The present invention relates to positive drives, and more particularly, to an improved clutch actuating mechanism for use in positive drives.
Although the improved clutch actuating mechanism of the present invention may be utilized advantageously in many different devices, it is especially advantageous when used in a traction modifying device, and more specifically, in a positive drive, and will be described in connection therewith.
Traction modifying devices have become popular for use in vehicles, in the drive train between the vehicle engine and the driven wheels. The primary function of a traction modifying device is to facilitate driving on slippery surfaces and in off-road conditions. These devices are especially useful where one of the driven wheels is momentarily subjected to worse traction conditions than the other driven wheel.
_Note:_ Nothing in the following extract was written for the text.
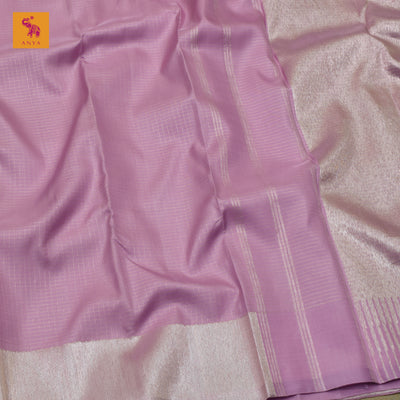 Lavender Kanchi Silk Saree with Small Zari Kattam Design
Traction modifying devices are generally categorized in three classes:
1. Limited slip differentials such as illustrated in U.S. Pat. Nos. 3,611,833 (nonbiased), and 3,624,717 (spring biased); PA0 2. Locking differentials such as illustrated in U.S. Pat. Nos. 1,111,728 (manually actuated), 2,978,929 (hydraulically operated), and 3,831,462 (speed responsive); and PA0 3. Positive drives such as illustrated in U.S. Pat. Nos. 1,477,311; 2,060,558; and 2,179,923.
During straight movement of a vehicle employing a positive drive, the engine power is transmitted approximately equally to the driven wheels, which rotate at the same speed. During a potential spin-out condition (e.g., one wheel on ice and the other on pavement), the engine power is transmitted to the driven wheels in proportion to their instantaneous traction limitations, whereby the wheels are still driven at the same speed.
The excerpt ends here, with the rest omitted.